Address correspondence to: Bruce D. Spiess, Anaesthesiology and Emergency Medicine, Virginia Commonwealth University Medical Center, P.O. Box 980662, Richmond, VA 23298-0662. E-mail: bdspiess@vcu.edu
Blood management is an evolving field of reducing transfusions of allogeneic blood by maximizing multi-modality therapy to optimize red cell mass, reduce red cell loss, and harvest red cells that would have otherwise been discarded. These techniques are highly dependent upon teams working together. The programs are not just focused upon red cells but also on coagulation therapy. Coagulopathy is at times a difficult complex pathologic conundrum. In cardiac surgery the complexity is added to because of the inflammatory effects of anticoagulation, air/blood interfaces, and inflammation. Patients respond variably due to their own genetic and environmental factors.

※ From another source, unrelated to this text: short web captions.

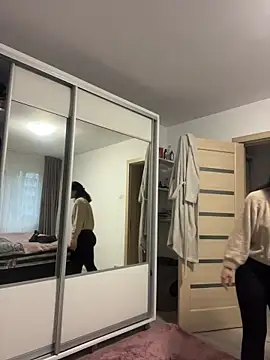 NNNoire online show from November 22, 2025, 8:13 am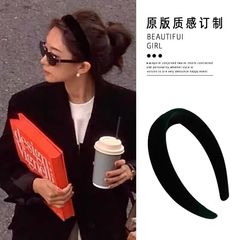 Fever同モデルの黒いベルベットのカチューシャは高級感があります。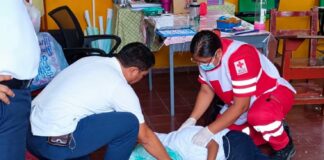 Personal de emergencia en la primaria Manuel Alcalá y Alcalá de Tizimín.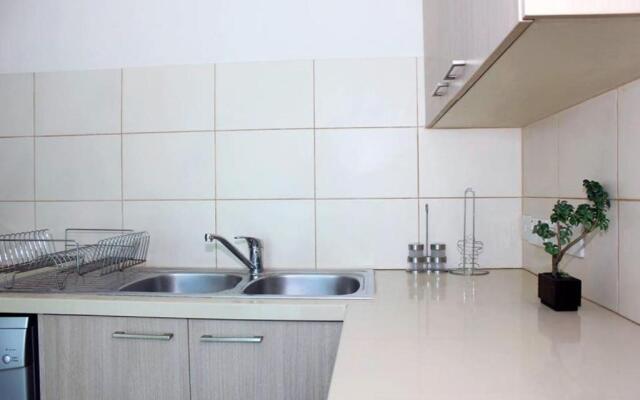 2b Seafront Boutique Apartment - Finikoudes Beach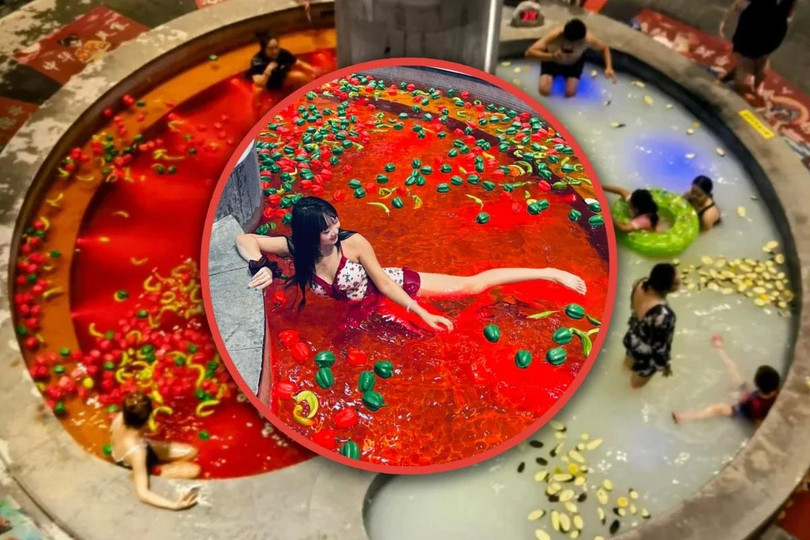 Một nhà tắm công cộng ở Trung Quốc đang cung cấp dịch vụ "tắm lẩu", nơi du khách ngâm mình trong "súp ớt", khẳng định rằng trải nghiệm này giúp tăng cường lưu thông máu và làm đẹp. Ảnh: SCMP.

There can be a rational approach, thereby avoiding panic (a normal fear response) if the clinician utilizes not only the available laboratory technologies existing today but also follows published algorithms for treatment. These technologies with their coexisting algorithms have been widely shown to decrease blood usage, yet not to decrease bleeding. That finding suggests that therapy without such guidance wastes expensive pro-coagulant blood products and produces no advantage (a decrease in bleeding). When a therapy produces no advantage all that it leaves the patient with is the side effects or adverse outcomes. Adverse outcomes from coagulation products are real and sobering.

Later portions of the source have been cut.